# What to get at MAC this weekend NC 45



## machonesty (Mar 4, 2010)

hi ladies
im headed to mac with a credit of about $50 and 6 empties

not sure what to get. the new blushes are dupable, never tried paintpots, but have paints. maybe a new blush? im mainly a neutral girl, but spring is coming so im open to change. thanks in advance


----------



## Chillicat14 (Mar 4, 2010)

Maybe try Full Fuschia blush. Do you need lip liners? The new Too Fabulous collection has 5 new LE ones that are very pretty (I'm considering getting them myself). If you want a "splash of color" for spring makeup maybe you should try True Babe l/g. Or some e/s (or pigments) from the Spring Colour Pink and Coral collections? Also, the "Give me Liberty of London" Collection is coming next week, with a lot of pretty colors for spring/summer so you might want to wait for that too!

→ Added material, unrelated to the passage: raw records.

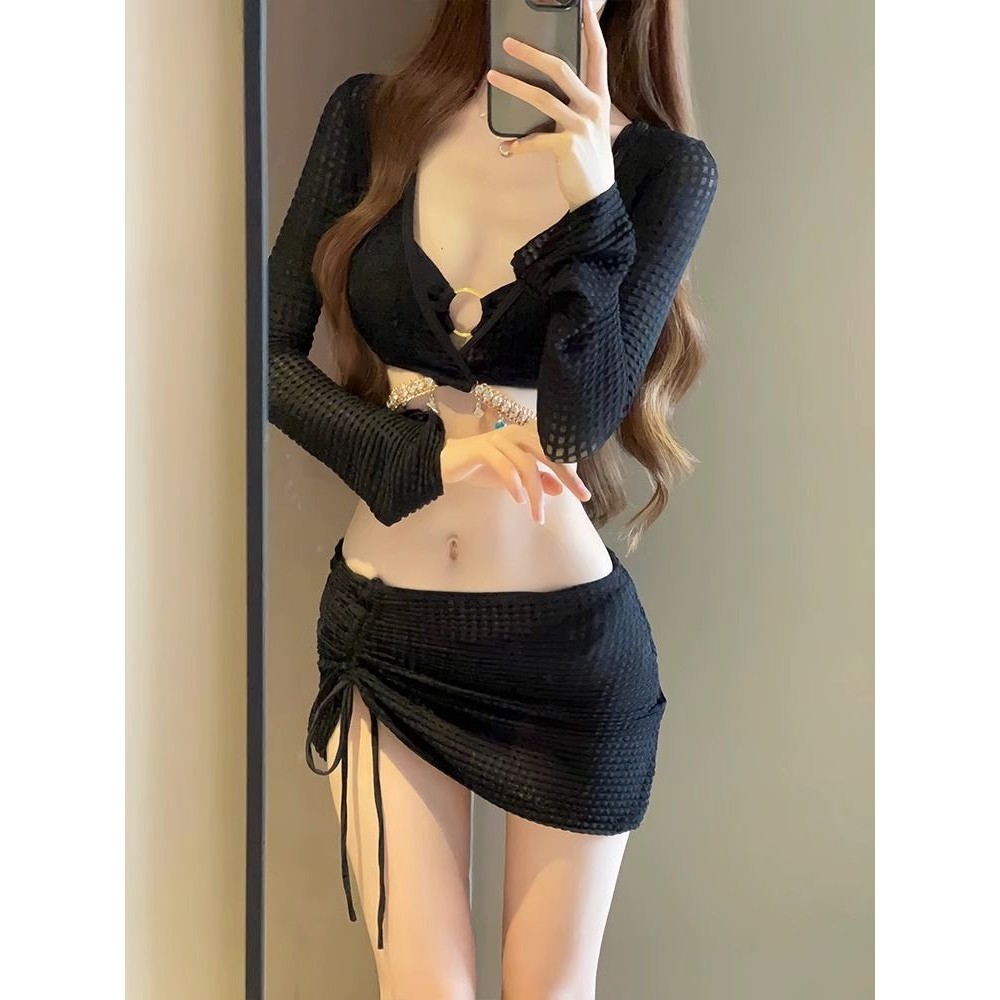 Set bộ đồ bơi bikini 4 chi tiết mix dây charm bling bling cột eo hack dáng hottrend mùa hè AHA BKN18 | BigBuy360 - bigbuy360.vn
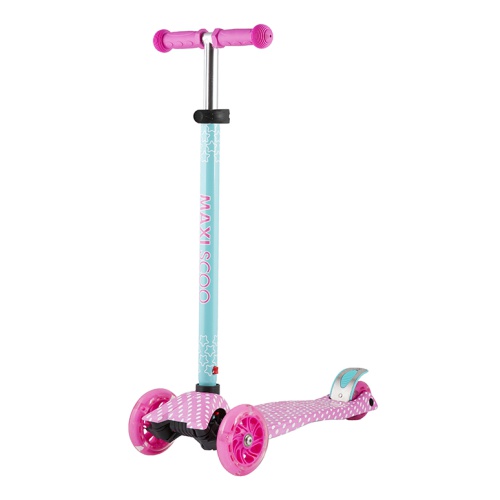 Самокат 3-х колесный Maxiscoo "Junior" (2021), со Светящимися Колесами, Точки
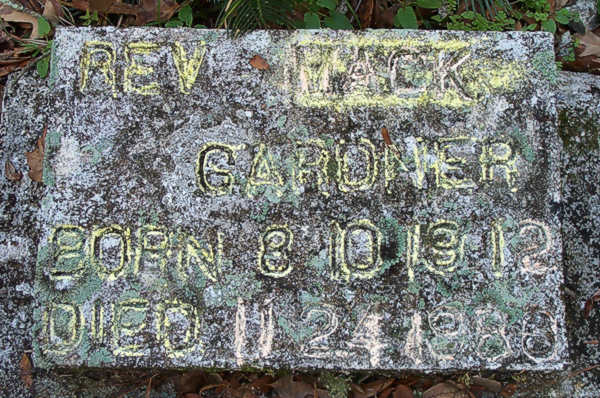 Mack (Rev.) Gardner Gravestone Photo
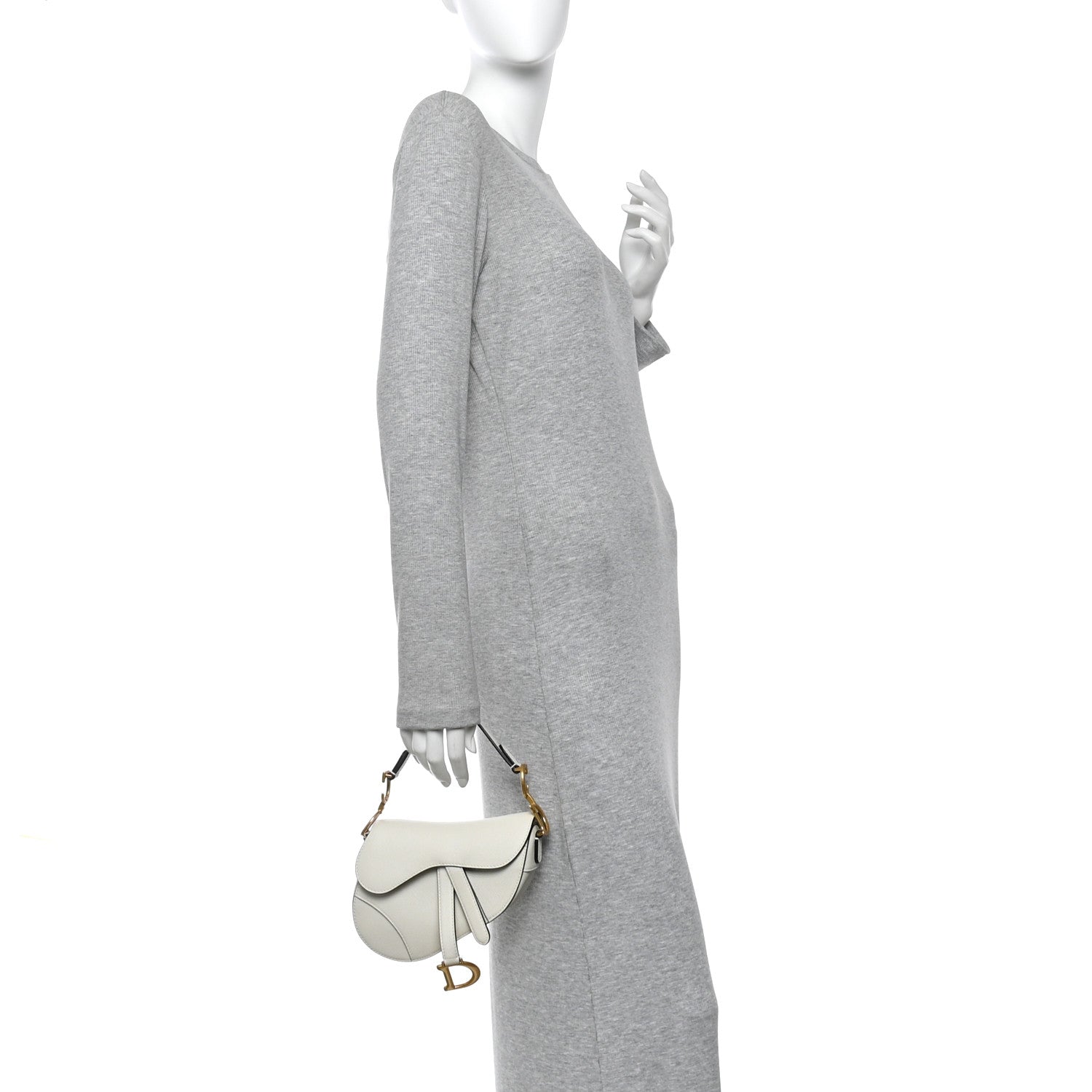 Christian Dior Grained Calfskin Mini Saddle Bag White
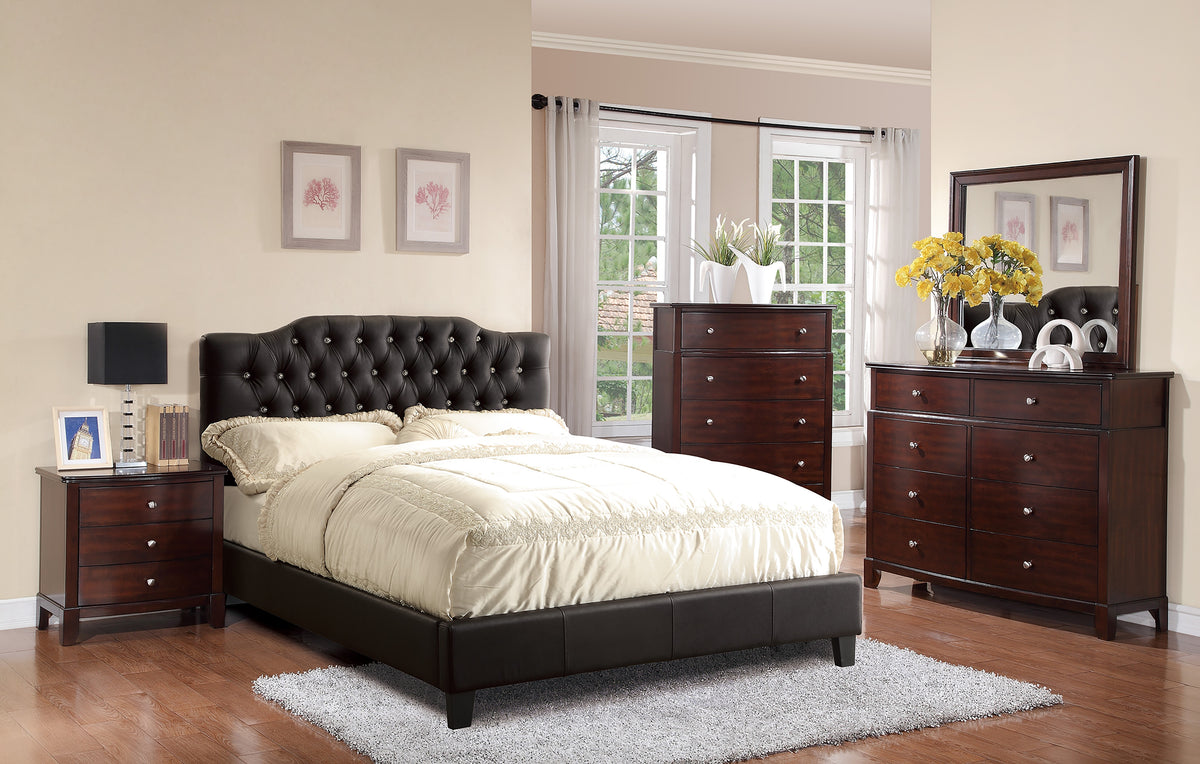 Full Bed/Black Pu, Hb 47"H/Fb 15.5"H - Black / Espresso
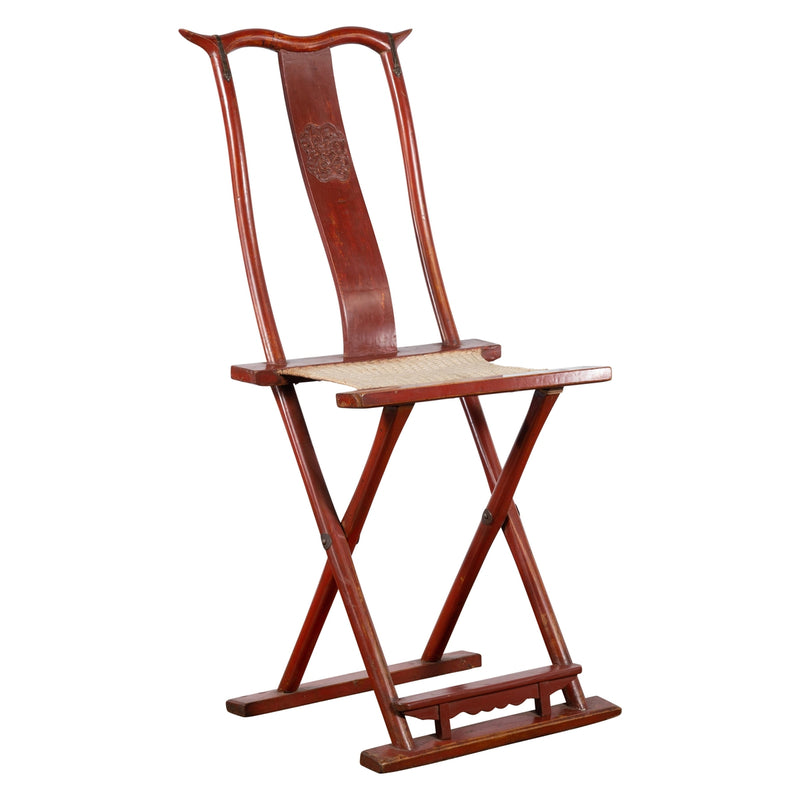 Chinese Early 20th Century Red Lacquer Traveller's Folding Chair with Woven Seat-1. Asian & Chinese Furniture, Art, Antiques, Vintage Home Décor for sale at FEA Home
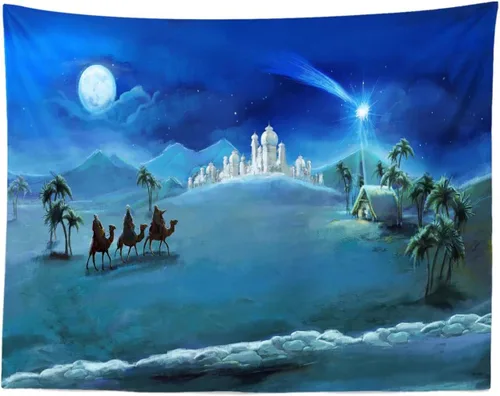 Miniatura 8 de BELECO Tapiz de noche de Navidad para colgar en la pared, tapiz de nacimiento de Jesús, tapiz de desierto, camello del desierto, palacio, castillo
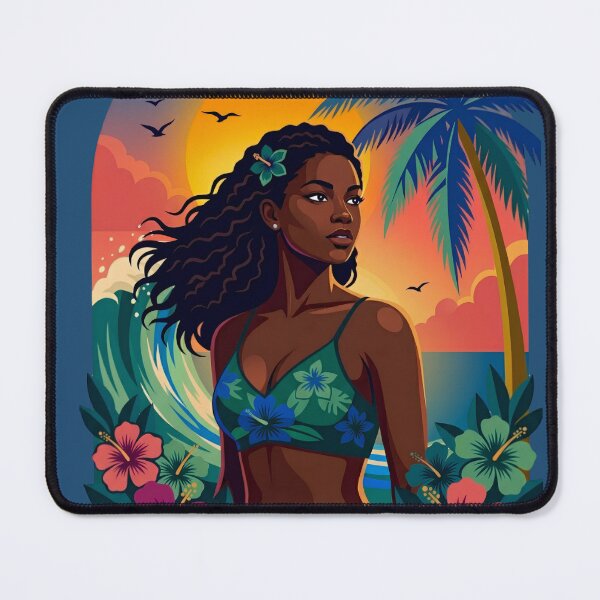 Item preview, Tropical Paradise Sunset – Beautiful Black Woman in Hibiscus Garden designed and sold by digitalbob60.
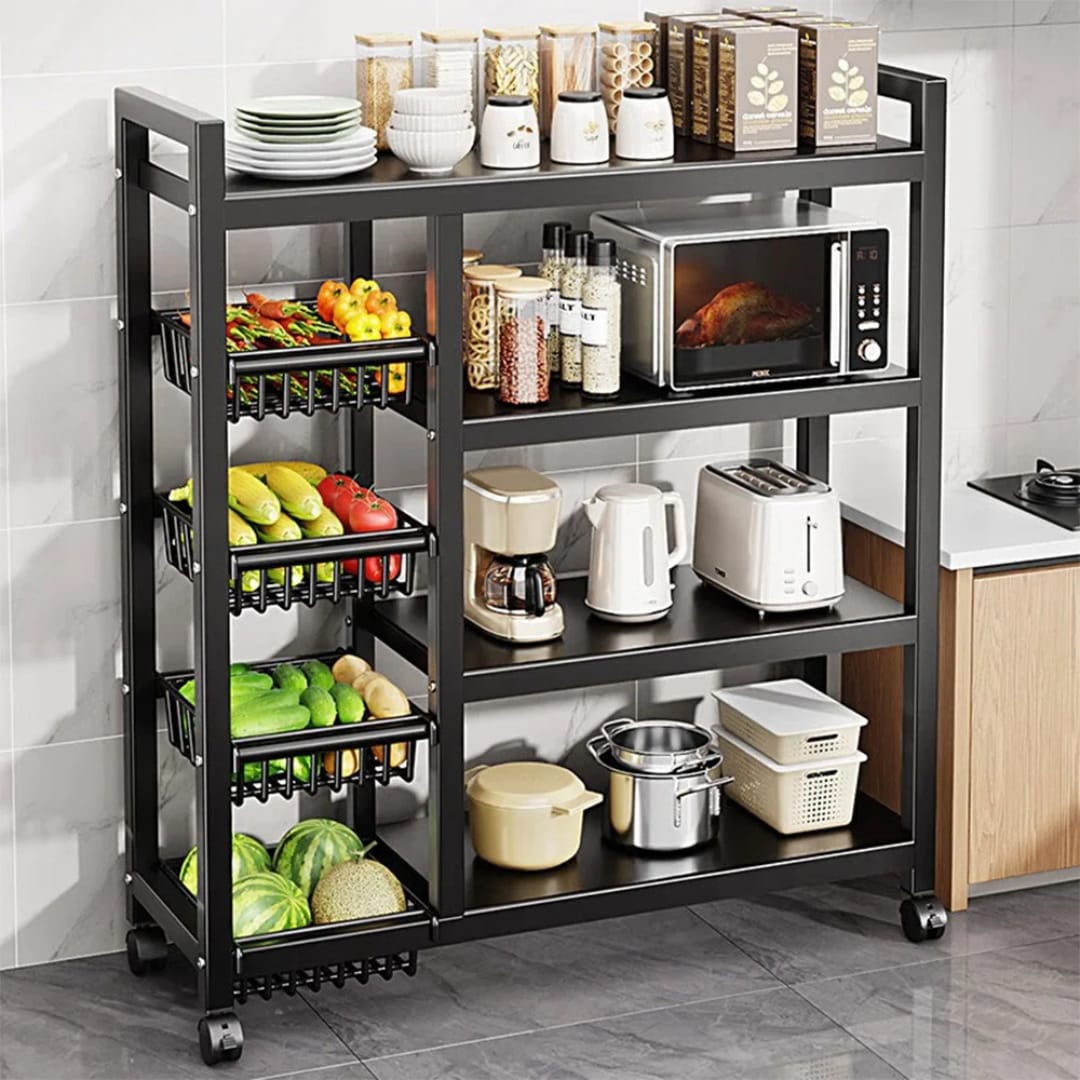 4 Layer Dual Sided Rack, Kitchen Metal Organizer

Hope I was at least a little bit of help


----------



## La Dolce Diva (Mar 5, 2010)

You need at least one of the new Viva Glams (you really can do either or with your skin tone...you may like Cyndi more)!  If you are in to a neutral yet glam look for spring, try a nice shimmery paint pot like Rubenesque.  On cheeks, something soft like Notable or Comfort MSF if they still have it.  Finish off the look with eyeliner, mascara, and a soft gloss (Cha Cha and Kumquat from the Colour Forecast are gorgeous and versatile) and you are ready to get in to spring!


----------



## MissAlphaKitty (Mar 5, 2010)

Cosign on Kumquat lipglass.
Fresh Salmon lipstick would be gorgeous on NC45.
Both should take you into the summer looks and would look good with the colours in the "To The Beach" collection

Have fun on your weekend shop!


----------



## machonesty (Mar 5, 2010)

thanks ladies
ill def check out those glosses and i want melon pigment
any suggestions on how to use it or colors to use it with. anyone tried it as blush/highlight?


----------